Case Study: I worked on one EPC project that was new technology. We had performance guarantees from the main vendor who’s equipment was the heart of the process. When we started up, the vendor’s equipment could only reach 85% of it’s planned output. We operated the equipment at 85% while the vendor did more research on the process. It eventually took them 18 months before they could come up with a solution to get the equipment to operate at 100%. Penalties were negotiated with the vendor. In situations like these you do not want the penalties so great the vendor goes out of business. There has to be a reasonable agreement.

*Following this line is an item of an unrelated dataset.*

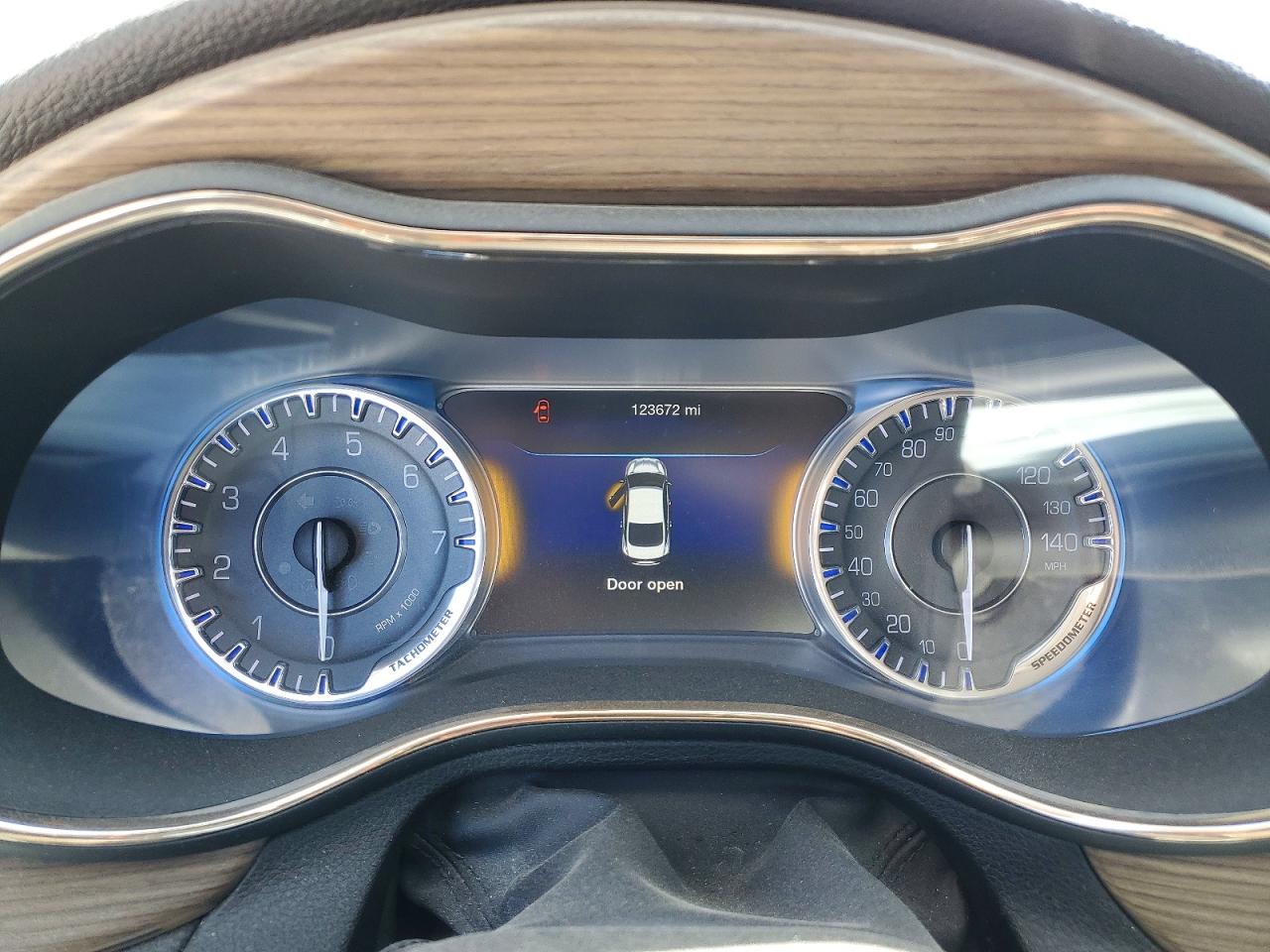 2016 CHRYSLER 200 C photo 17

We hear a lot about fast tracking projects and with an EPC contract this is possible and easy to do. With fast tracking we start the actual construction on one portion of the project before the design is complete. An example would be starting the foundation construction before the final internal components of the building are complete. Another example of fast tracking is to depend on the contractor’s knowledge and give him a rough sketch. The items will get built from the sketches and the final drawings will be based on redline drawings you get from the contractor. This works in small situations, but you would not want to try the sketch trick on a big job. Fasttracking is not a method of the project delivery, it is just a management strategy of getting something up and running a lot faster.
Case Study: We had a project to replace an old electrical substation with a new modularized substation. The new substation had a delivery of one year. We had to have the substation in time for a scheduled shutdown, and were under the gun from the start. The only way we could meet the schedule was to buy the substation before we had final project funding. The substation was purchased with cancellation clauses, and we purchased it with basic design information, not detailed information. We worked out the details as it was being designed. We did not get final funding for another four months, and if we had not fast tracked the substation order we would never have met our startup date.
You have to be careful of what you’re going to fast-track. You have to look at other contracts that could be affected, and if the fast tracking has a negative effect on other contracts you may not want to do it. The substation, was a fairly straightforward project and we did not anticipate running into major issues with it. Fast-tracking is more successful on these types of projects. Fast tracking may be one small portion of an overall EPC contract, or it could include a lot of items. It usually comes into play with long lead items. You have to look at each item and decide if and how it can be fast tracked. To determine what should be fast tracked visit with your team members and see what problems they see or are anticipating.
This is the end of the articles on projected delivery systems. There are several different project delivery systems available and each project has to be looked at to see which project delivery system will work best for the Owner.